_Input data_.
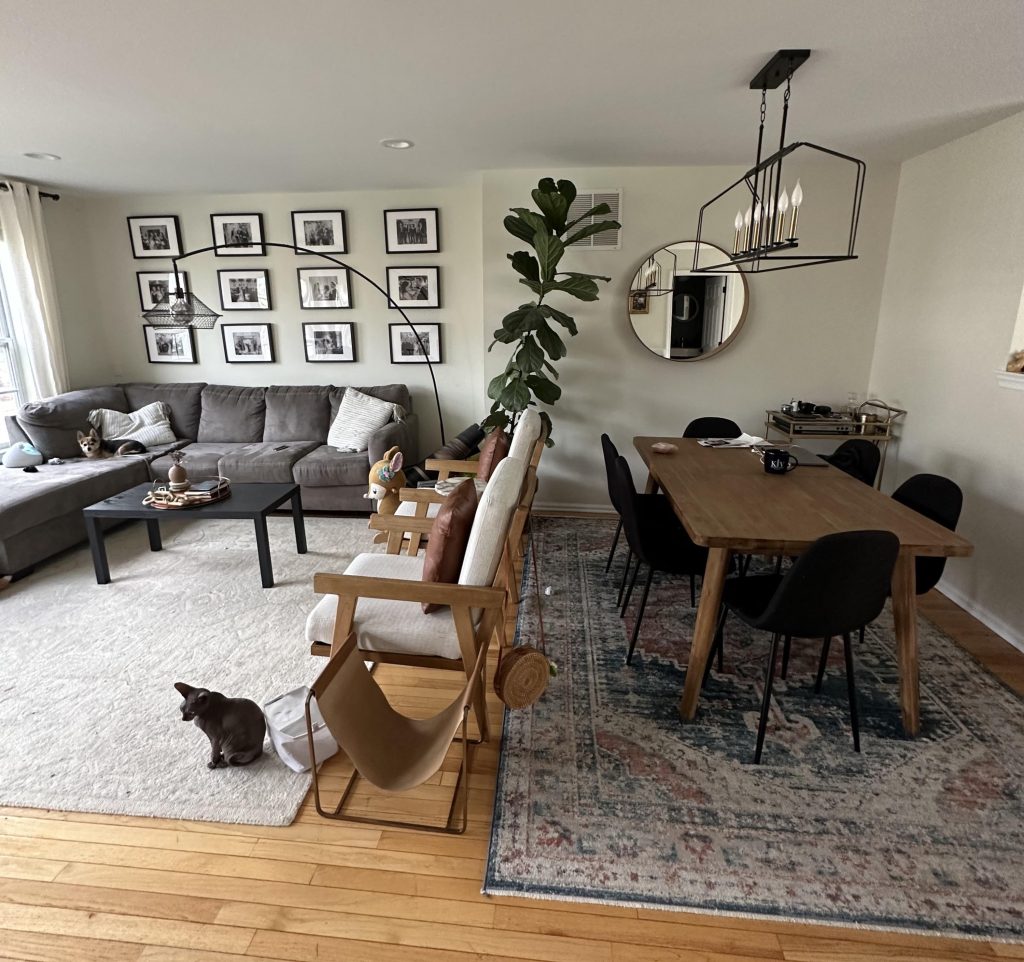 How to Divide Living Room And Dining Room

...

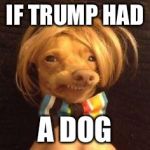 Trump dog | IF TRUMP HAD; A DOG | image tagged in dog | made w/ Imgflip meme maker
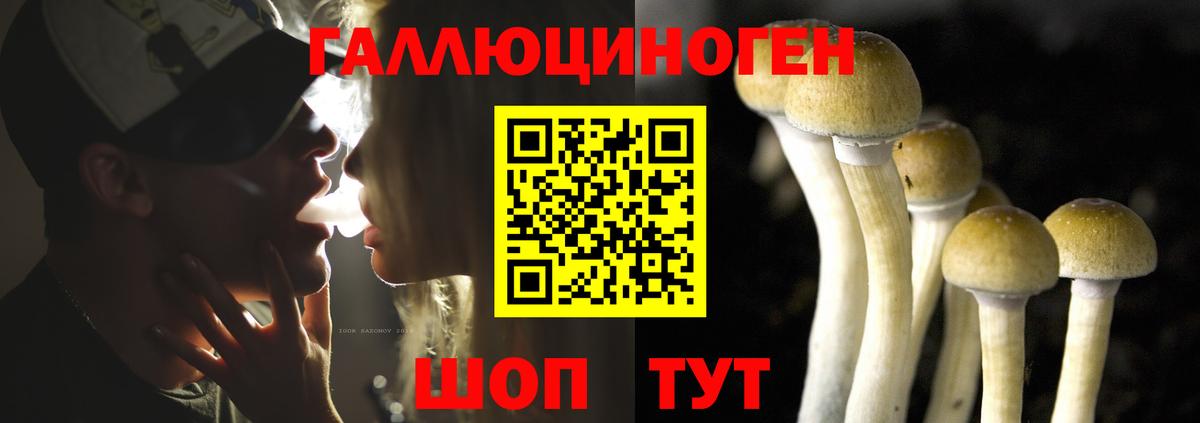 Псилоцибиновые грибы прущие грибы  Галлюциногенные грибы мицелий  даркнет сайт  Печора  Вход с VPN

_Your assignment_.
In the records above, everything from the line with "Trump dog |" down to the line with "Псилоцибиновые грибы прущие" must be duplicated exactly, both lines kept. Leave no pictures in.

_Response to the task_.
 Trump dog | IF TRUMP HAD; A DOG | image tagged in dog | made w/ Imgflip meme maker
 Псилоцибиновые грибы прущие грибы  Галлюциногенные грибы мицелий  даркнет сайт  Печора  Вход с VPN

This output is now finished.